PROBLEM STATEMENT: Among the lines below, output only those between the line holding "F.O.KIDS(エフオーキ" and the line holding "Диммер поворотный Legrand", inclusive, exactly as written and with no pictures.

DATA PROVIDED:
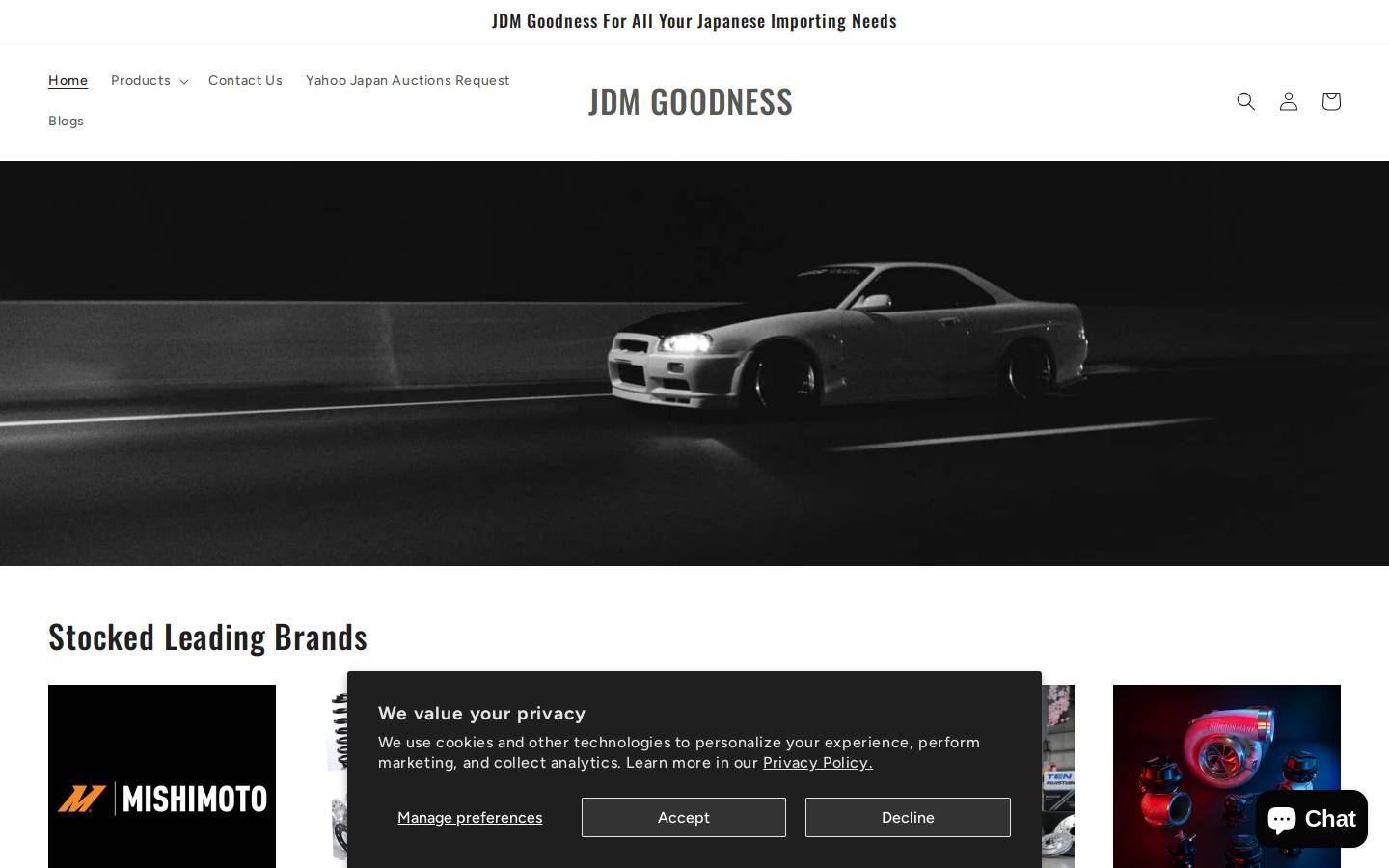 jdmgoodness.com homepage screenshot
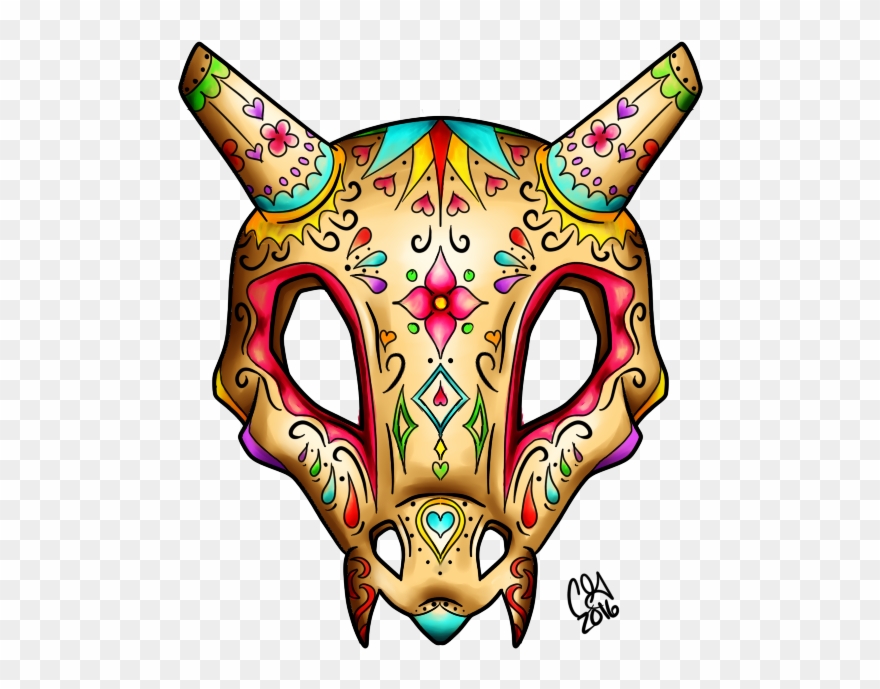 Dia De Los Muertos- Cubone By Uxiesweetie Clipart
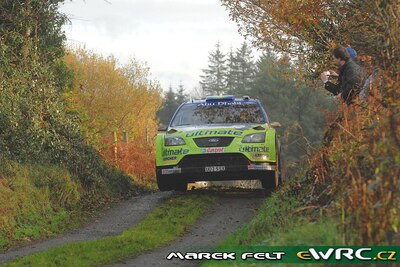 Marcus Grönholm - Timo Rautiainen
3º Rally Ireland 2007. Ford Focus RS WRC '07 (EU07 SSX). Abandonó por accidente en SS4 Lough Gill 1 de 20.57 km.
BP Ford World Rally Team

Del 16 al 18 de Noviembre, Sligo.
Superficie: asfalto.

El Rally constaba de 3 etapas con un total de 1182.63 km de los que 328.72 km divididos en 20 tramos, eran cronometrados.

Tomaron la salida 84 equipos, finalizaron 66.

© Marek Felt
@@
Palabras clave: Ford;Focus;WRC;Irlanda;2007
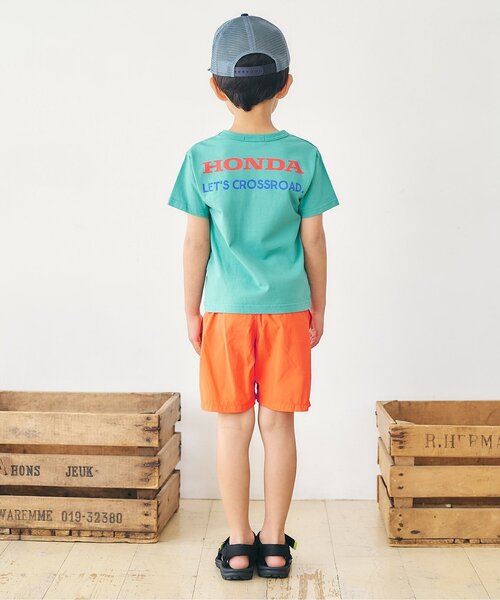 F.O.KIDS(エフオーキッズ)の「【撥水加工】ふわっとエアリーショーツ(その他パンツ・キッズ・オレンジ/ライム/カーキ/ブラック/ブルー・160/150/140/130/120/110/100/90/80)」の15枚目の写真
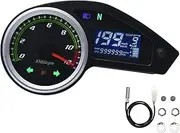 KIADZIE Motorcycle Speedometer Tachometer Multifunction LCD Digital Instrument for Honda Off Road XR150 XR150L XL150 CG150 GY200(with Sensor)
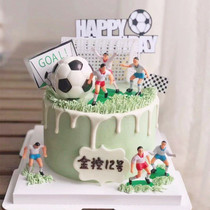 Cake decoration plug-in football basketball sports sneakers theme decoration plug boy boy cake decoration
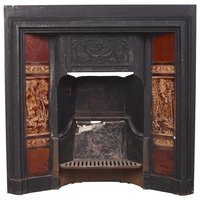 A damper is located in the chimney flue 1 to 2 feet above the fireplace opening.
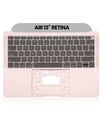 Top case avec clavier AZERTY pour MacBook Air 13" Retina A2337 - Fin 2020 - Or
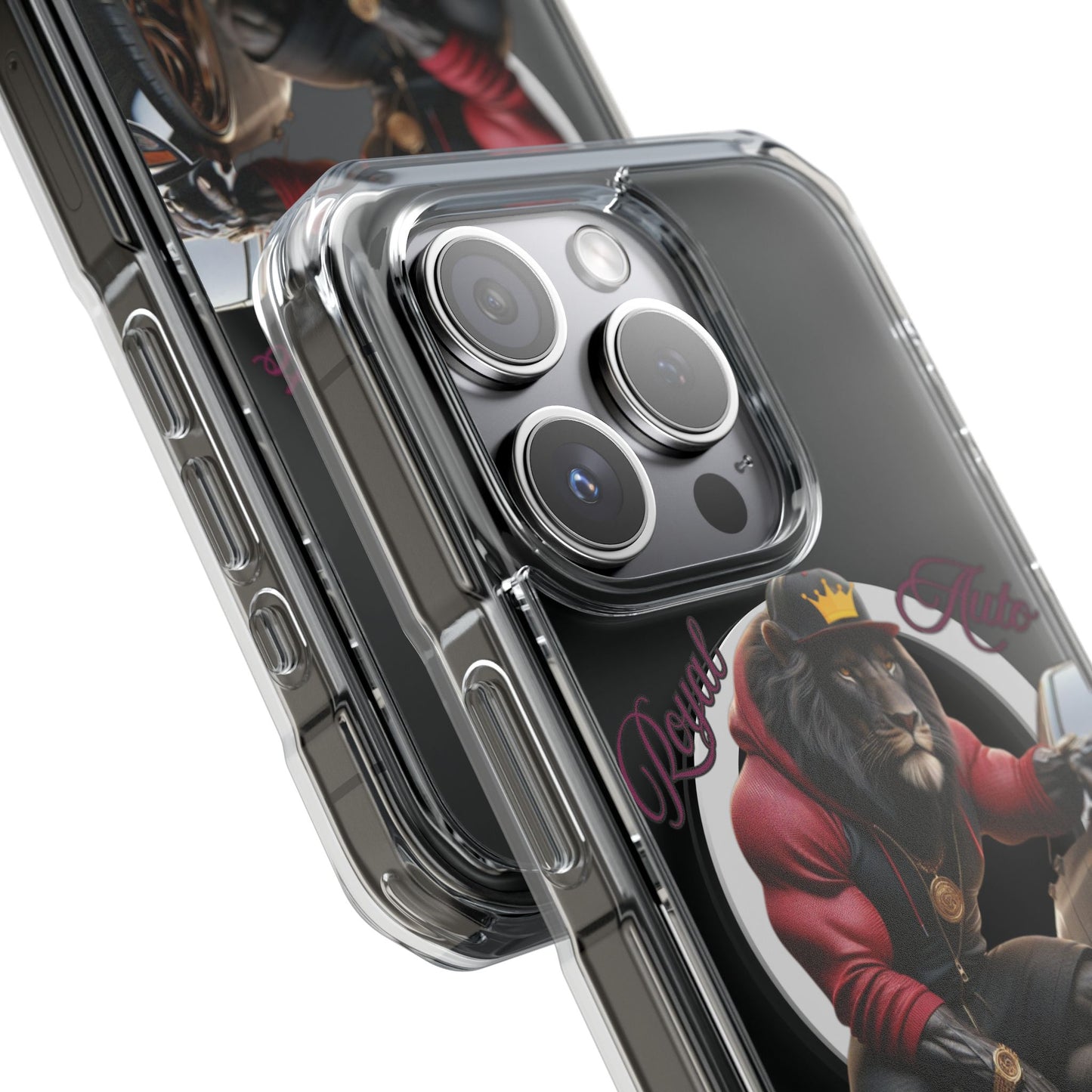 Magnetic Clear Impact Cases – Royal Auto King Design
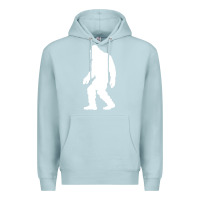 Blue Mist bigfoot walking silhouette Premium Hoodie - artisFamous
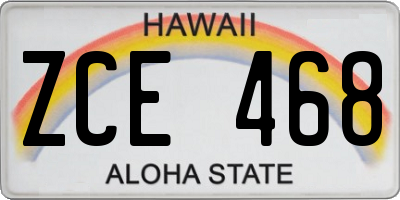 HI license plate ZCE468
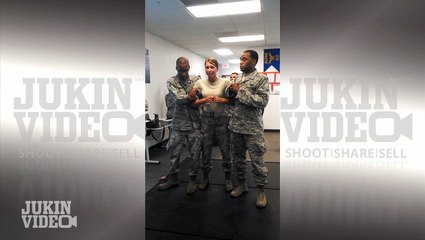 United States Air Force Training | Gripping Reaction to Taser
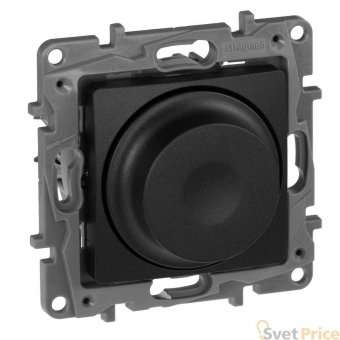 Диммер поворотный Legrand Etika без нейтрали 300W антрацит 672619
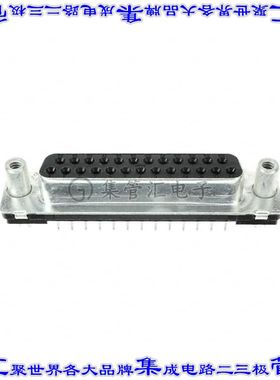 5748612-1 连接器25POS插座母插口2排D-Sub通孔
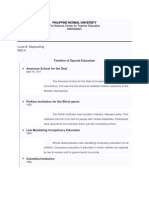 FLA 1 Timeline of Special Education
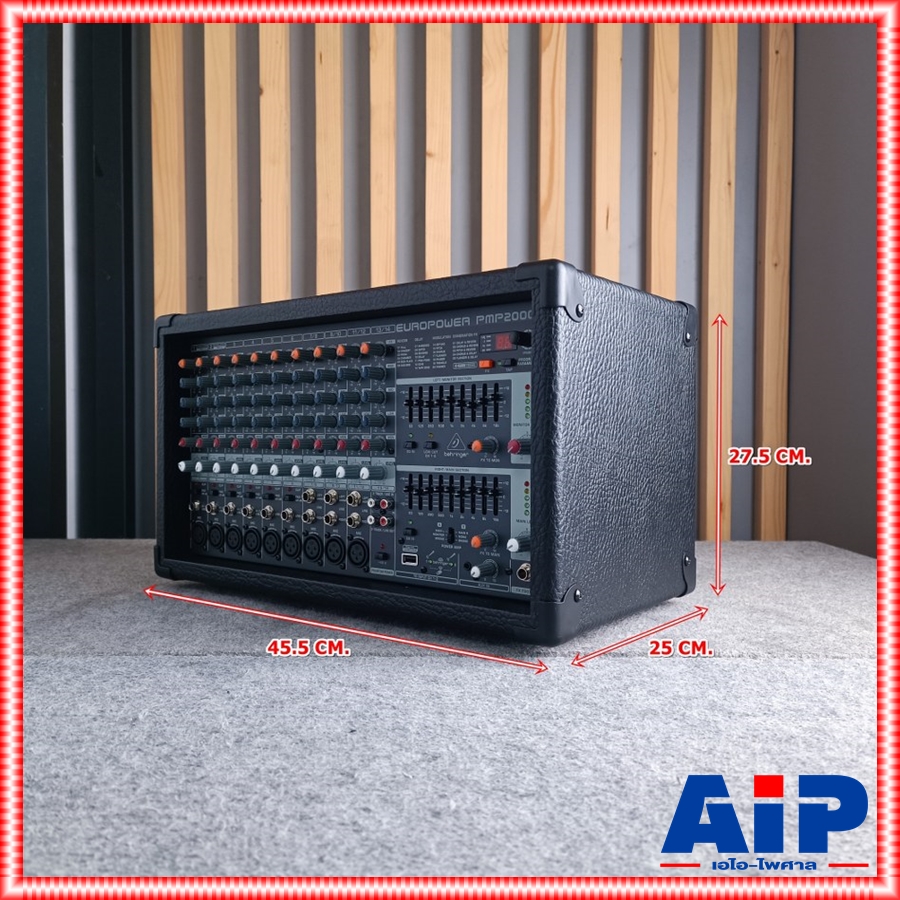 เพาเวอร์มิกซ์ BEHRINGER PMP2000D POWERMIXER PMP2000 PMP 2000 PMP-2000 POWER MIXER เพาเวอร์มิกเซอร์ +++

RESULT FOR THIS TASK:
 F.O.KIDS(エフオーキッズ)の「【撥水加工】ふわっとエアリーショーツ(その他パンツ・キッズ・オレンジ/ライム/カーキ/ブラック/ブルー・160/150/140/130/120/110/100/90/80)」の15枚目の写真
 KIADZIE Motorcycle Speedometer Tachometer Multifunction LCD Digital Instrument for Honda Off Road XR150 XR150L XL150 CG150 GY200(with Sensor)
 Cake decoration plug-in football basketball sports sneakers theme decoration plug boy boy cake decoration
 A damper is located in the chimney flue 1 to 2 feet above the fireplace opening.
 Top case avec clavier AZERTY pour MacBook Air 13" Retina A2337 - Fin 2020 - Or
 Magnetic Clear Impact Cases – Royal Auto King Design
 Blue Mist bigfoot walking silhouette Premium Hoodie - artisFamous
 HI license plate ZCE468
 United States Air Force Training | Gripping Reaction to Taser
 Диммер поворотный Legrand Etika без нейтрали 300W антрацит 672619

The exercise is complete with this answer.